Many scholars view the Nakba as a structural catastrophe (typical of settler-colonial projects such as Zionism) in which Israel's policy of ethnic cleansing, whether in 1949 or in 2020, is part and parcel of the same history and tragedy. The historiography of the Nakba, whether produced by Palestinian historians or others, is not validated by the presence of documentation in the Israeli archive; but the value of such documentation is to expose the nature of the Zionist project's violence as structural, rather than incidental, and to discredit official Israeli discourse around the establishment of the state. Given the formative role of the Nabka in Palestinian identity and aspirations, as well as its ongoing nature—what Palestinians refer to as al-nakba al-mustammira—future generations of scholars, journalists, and researchers will undoubtedly want to revisit this rich documentation.

Revisiting this archival material has become increasingly difficult, however. As Seth Anziska analyzed in the pages of a recent issue of this journal,* a joint investigative effort between Haaretz and the Israeli research, documentation, and human rights organization Akevot has exposed the very deliberate hindrances to archival access in Israel resulting from an official policy to withdraw pivotal archival documents from the public domain. Included in the exposé was Akevot's publication of a twenty-five-page document detailing the Zionist military's record of events in April and May 1948, which demonstrates that expulsion and intimidation were tactics deliberately deployed by Zionist forces to induce the exodus of large numbers of Palestinians.2

In addition to presenting six Israeli documents, the originals of which are now no longer accessible despite being declassified, this Special Document File has a three-fold purpose: to analyze the reasons behind the State of Israel's intensifying clampdown on archival research, to assess the policy's implications for both future scholarly work and the broader struggle for justice in Palestine, and to challenge this new archival reality, so to speak, by creating what I will call an “indicative archive of the Nakba.”

Shuttering the Archives

As reported in the 2019 Haaretz/Akevot exposé, Israel's restriction of access to archival material is part of an official operation headed by Malmab, the Israeli Defense Ministry's secretive security department.3 The Israeli Defense Ministry organization which goes by the Hebrew acronym Malmab is a clandestine unit whose activities and budget are classified and whose existence was first exposed by Israeli historian Avner Cohen in an effort to shed light on Israel's nuclear policy.4 In the course of the investigation, Haaretz found that Yehiel Horev, who headed Malmab for two decades until 2007, had begun working on removing documents from the archives when he was at the helm of the secretive department, a practice continued today by his successors. (Horev was also responsible for preventing Cohen from publishing and accessing archival material for his research on Israel's nuclear arsenal.) Speaking to the newspaper, Horev argued that shuttering the archives was justified on the grounds that uncovering Nakba documents would, in the newspaper's wording, “generate unrest among the country's Arab population.”5

The argument is farcical on two counts: first, Israel's Palestinian minority, whom Israeli officials refer to as “the Israeli Arabs,” have, since the mid-1980s, been among the most active and conscious groups to engage with—and protect—the memory of the Nakba. The Association for the Defense of the Rights of the Internally Displaced, which represents displaced Palestinians inside Israel, alongside local Palestinian scholars and activists, has sustained public interest in the Palestinians' narrative of the 1948 events with no need of Israeli documentation to confirm their own experience of ethnic cleansing; second, as Haaretz pointed out, many of the documents now being reclassified had already been published, notably by the New Historians. Horev's comeback to the latter argument was that removing such documents would, in the newspaper's words, “undermine the credibility of studies about the history of the refugee problem.”

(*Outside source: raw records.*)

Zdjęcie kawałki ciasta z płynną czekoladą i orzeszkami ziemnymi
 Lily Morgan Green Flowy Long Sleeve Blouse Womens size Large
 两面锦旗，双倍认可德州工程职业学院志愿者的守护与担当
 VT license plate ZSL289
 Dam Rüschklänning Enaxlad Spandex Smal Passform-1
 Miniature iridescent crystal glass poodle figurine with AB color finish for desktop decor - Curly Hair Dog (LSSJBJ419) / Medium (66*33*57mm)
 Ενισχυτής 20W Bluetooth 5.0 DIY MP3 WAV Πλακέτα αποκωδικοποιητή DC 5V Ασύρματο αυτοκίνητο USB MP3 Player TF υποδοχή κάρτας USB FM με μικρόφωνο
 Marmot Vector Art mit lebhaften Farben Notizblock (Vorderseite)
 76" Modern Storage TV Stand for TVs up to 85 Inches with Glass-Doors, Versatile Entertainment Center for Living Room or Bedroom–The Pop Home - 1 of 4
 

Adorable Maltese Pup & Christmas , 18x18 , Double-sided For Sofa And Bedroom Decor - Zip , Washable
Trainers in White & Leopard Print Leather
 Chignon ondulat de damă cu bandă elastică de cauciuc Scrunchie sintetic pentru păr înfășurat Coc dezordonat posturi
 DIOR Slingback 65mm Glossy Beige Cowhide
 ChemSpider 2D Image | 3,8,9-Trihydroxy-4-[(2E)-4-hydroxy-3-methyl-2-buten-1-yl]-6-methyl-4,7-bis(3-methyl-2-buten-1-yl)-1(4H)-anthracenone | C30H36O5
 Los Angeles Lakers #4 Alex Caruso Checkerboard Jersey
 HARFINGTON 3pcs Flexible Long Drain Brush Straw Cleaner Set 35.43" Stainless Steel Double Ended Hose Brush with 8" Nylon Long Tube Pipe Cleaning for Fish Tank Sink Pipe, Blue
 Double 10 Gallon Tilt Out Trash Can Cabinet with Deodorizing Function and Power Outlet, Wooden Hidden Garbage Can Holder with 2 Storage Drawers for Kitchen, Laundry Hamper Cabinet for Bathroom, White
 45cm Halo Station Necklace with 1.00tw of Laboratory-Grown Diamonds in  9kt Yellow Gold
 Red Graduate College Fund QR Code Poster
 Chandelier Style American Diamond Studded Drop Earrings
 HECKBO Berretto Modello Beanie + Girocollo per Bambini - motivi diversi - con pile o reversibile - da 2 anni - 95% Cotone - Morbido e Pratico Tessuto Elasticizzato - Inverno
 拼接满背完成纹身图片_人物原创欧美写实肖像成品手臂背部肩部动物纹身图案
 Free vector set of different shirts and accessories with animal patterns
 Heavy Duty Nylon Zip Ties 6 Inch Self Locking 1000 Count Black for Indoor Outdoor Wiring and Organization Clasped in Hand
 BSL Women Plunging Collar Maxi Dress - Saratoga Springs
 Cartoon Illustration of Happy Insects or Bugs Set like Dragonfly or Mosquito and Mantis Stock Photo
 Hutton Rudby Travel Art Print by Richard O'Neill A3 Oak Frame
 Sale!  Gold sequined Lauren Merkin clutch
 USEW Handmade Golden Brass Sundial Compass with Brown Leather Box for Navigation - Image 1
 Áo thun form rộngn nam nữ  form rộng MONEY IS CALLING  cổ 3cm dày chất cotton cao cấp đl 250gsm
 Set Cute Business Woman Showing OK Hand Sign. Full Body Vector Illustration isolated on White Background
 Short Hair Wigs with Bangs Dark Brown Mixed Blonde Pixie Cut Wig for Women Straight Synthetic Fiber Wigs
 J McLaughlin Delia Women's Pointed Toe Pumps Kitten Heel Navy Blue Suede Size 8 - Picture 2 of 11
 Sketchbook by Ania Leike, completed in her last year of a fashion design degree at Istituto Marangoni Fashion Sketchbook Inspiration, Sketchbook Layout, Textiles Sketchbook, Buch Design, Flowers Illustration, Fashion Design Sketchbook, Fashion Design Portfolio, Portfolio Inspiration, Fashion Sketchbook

Settler-colonial movements such as Zionism are informed by what Patrick Wolfe defined as “the elimination of the Native.”6 Implicit in Israel's existence as a settler-colonial state is the expectation that it would want to hide evidence of its acts of elimination, particularly in an era that looks unfavorably on colonialism and in the context of a country that purports to be “the only democracy in the Middle East” and a “Jewish and democratic state.” The 1948 Nakba is thus not only an act of elimination, but its erasure from the archives is also part of that act. As Wolfe points out, not all acts of elimination are genocidal, as they were in North America or Australia. In Algeria and South Africa, for example, the removal of the indigenous population was achieved by a combination of land expropriation, ethnic cleansing, and apartheid. In Palestine, too, an incremental ethnic cleansing, which began in the mid-1920s, has been the principal means pursued to bring about “the elimination of the Native.”

Wolfe's comment that settler colonialism is not an event but a structure is also relevant to the present discussion insofar as it exposes the structural violence informed by settler-colonial ideology throughout the history of Zionist, and later Israeli, actions against the Palestinians. In more concrete terms, the vision of a de-Arabized Palestine fed the familiar violent junctures in the country's modern history: the ethnic cleansing of 1948; the imposition of military rule on various Palestinian population groups in the last seventy years; the assault on the Palestine Liberation Organization (PLO) in Lebanon in 1982; the operations in the West Bank in 2002; the siege of Gaza; and Judaization projects everywhere inside historical Palestine, to name just a few from a rather long list.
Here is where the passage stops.